### THE DATA
%%

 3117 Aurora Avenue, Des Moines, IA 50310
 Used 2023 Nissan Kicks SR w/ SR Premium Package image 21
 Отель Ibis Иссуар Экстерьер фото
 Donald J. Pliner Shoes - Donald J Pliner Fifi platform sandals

%%
%%

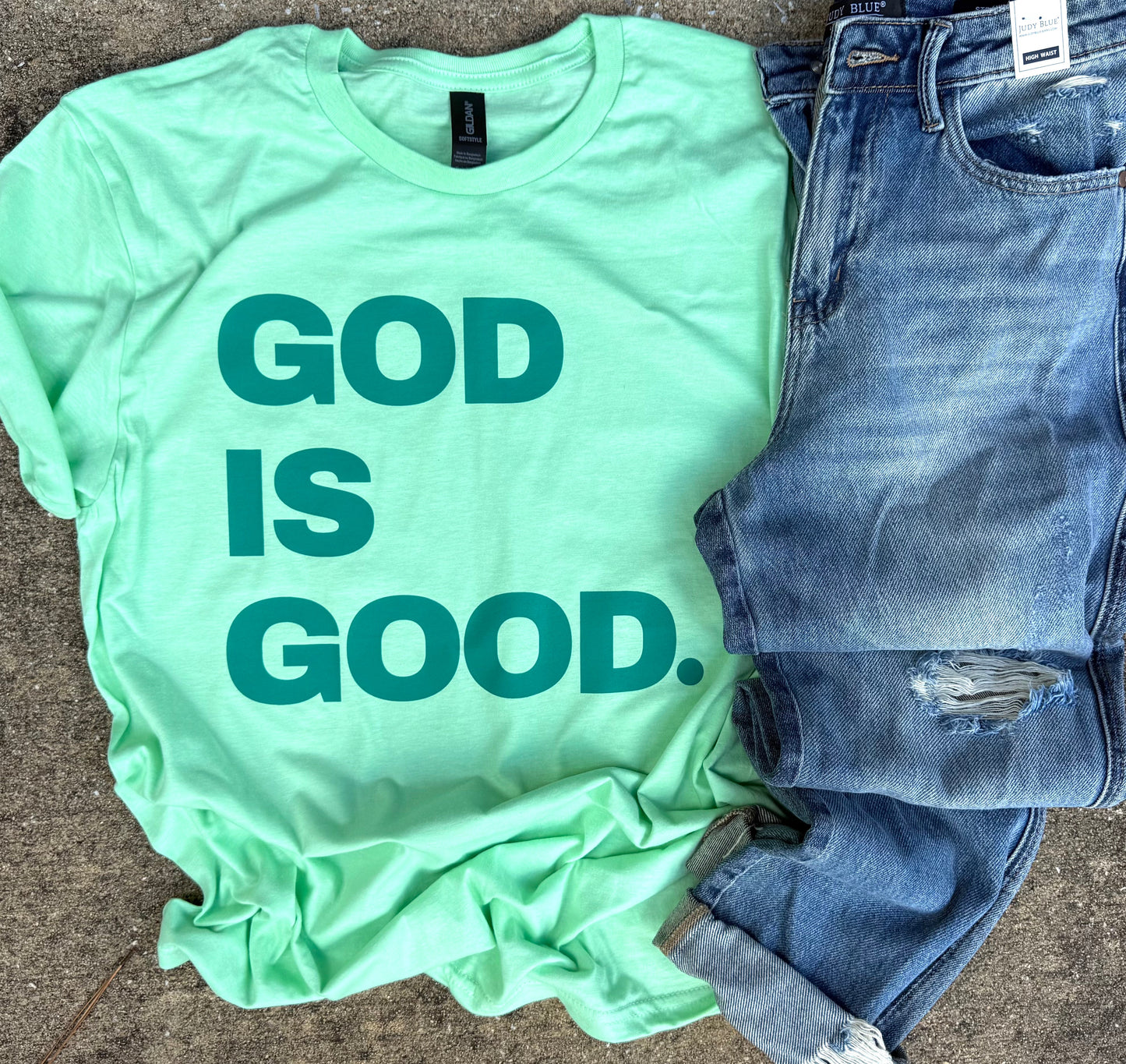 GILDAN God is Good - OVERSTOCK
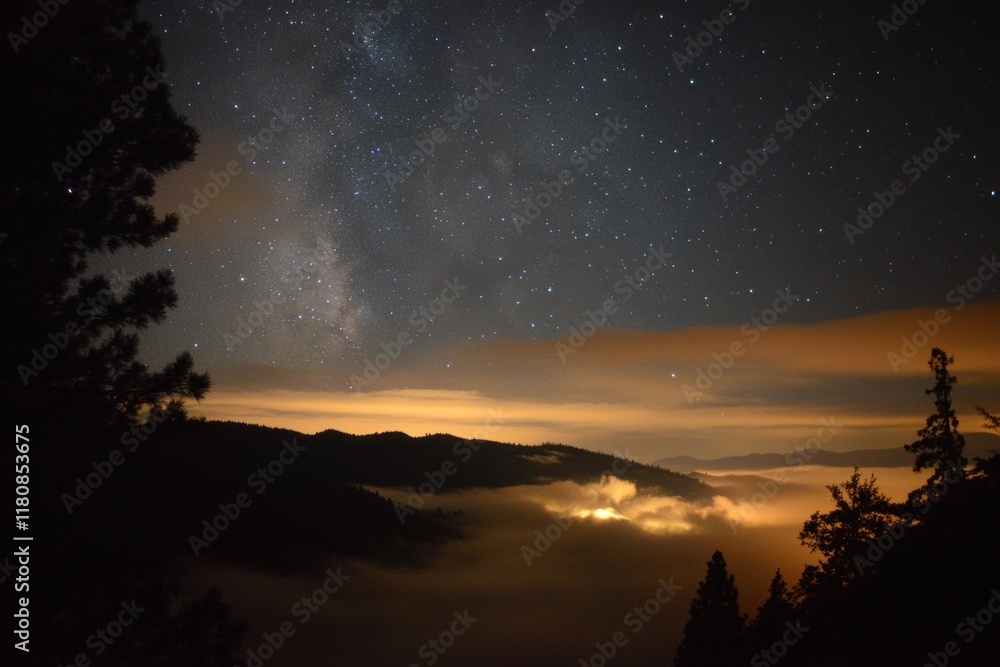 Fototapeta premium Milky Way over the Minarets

%%

Out of the entries above, write out only the lines between the line holding "3117 Aurora Avenue, Des Moines, IA 50310" and the line holding "Donald J. Pliner", inclusive, each exactly as given.

 3117 Aurora Avenue, Des Moines, IA 50310
 Used 2023 Nissan Kicks SR w/ SR Premium Package image 21
 Отель Ibis Иссуар Экстерьер фото
 Donald J. Pliner Shoes - Donald J Pliner Fifi platform sandals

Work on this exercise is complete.